(Raw data Opens)
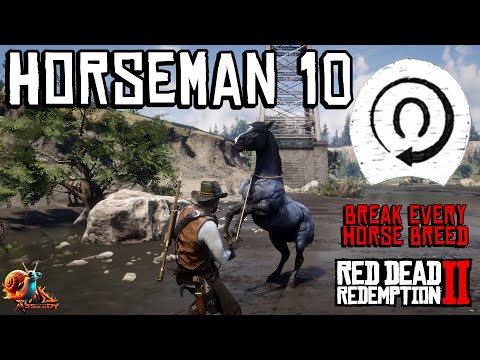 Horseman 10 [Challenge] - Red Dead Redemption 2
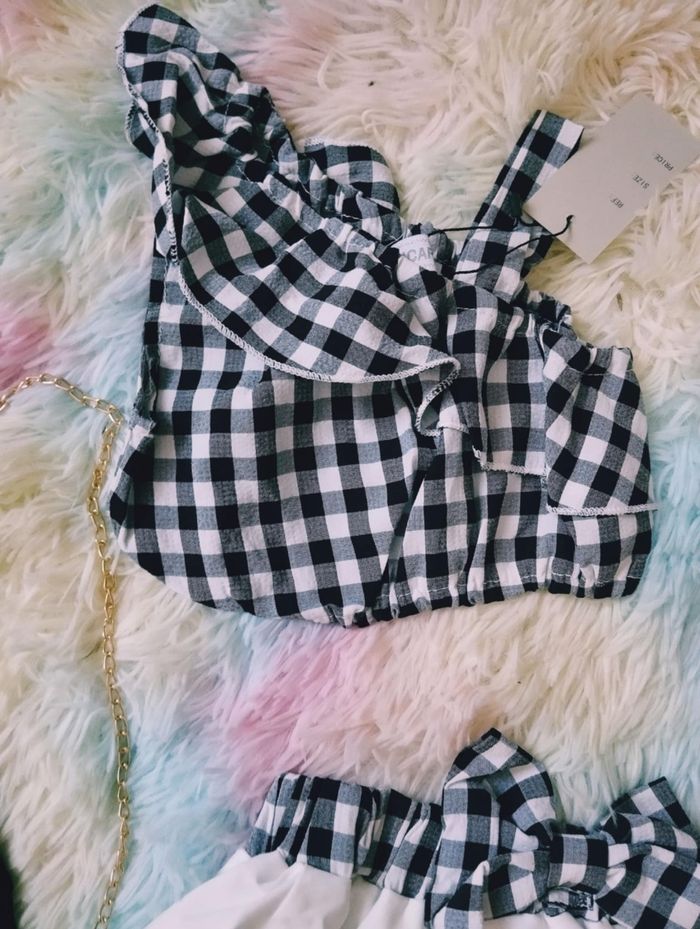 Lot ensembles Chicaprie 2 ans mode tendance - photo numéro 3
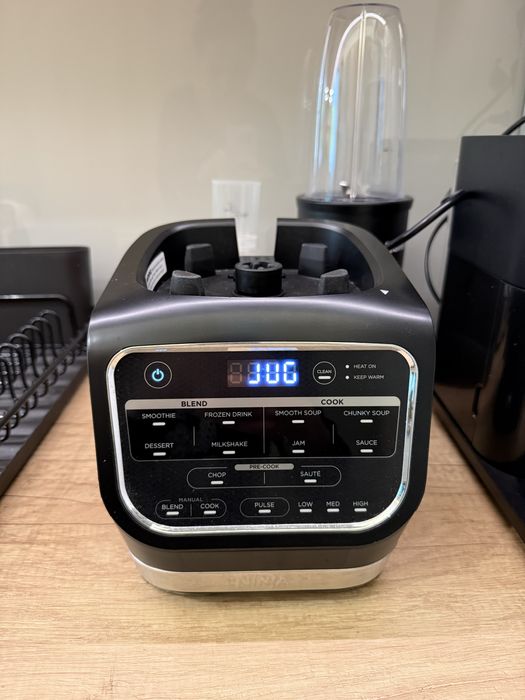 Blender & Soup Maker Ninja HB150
(Raw data Closes)
(Raw data Opens)
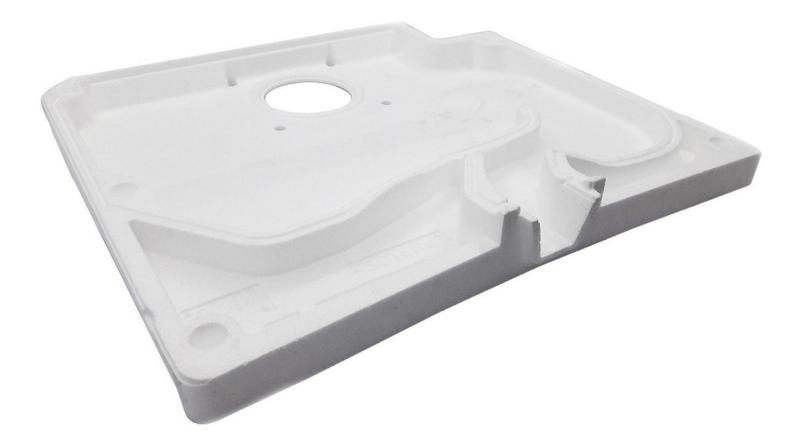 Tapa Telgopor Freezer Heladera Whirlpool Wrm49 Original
(Raw data Closes)
→ **Brief**: For the material above, give again only the lines starting at the line that contains "Horseman 10 [Challenge]" and ending at the line that contains "Blender & Soup Maker Ninja HB150". Pictures do not belong in the copy.

→ **The answer**:
 Horseman 10 [Challenge] - Red Dead Redemption 2
 Lot ensembles Chicaprie 2 ans mode tendance - photo numéro 3
 Blender & Soup Maker Ninja HB150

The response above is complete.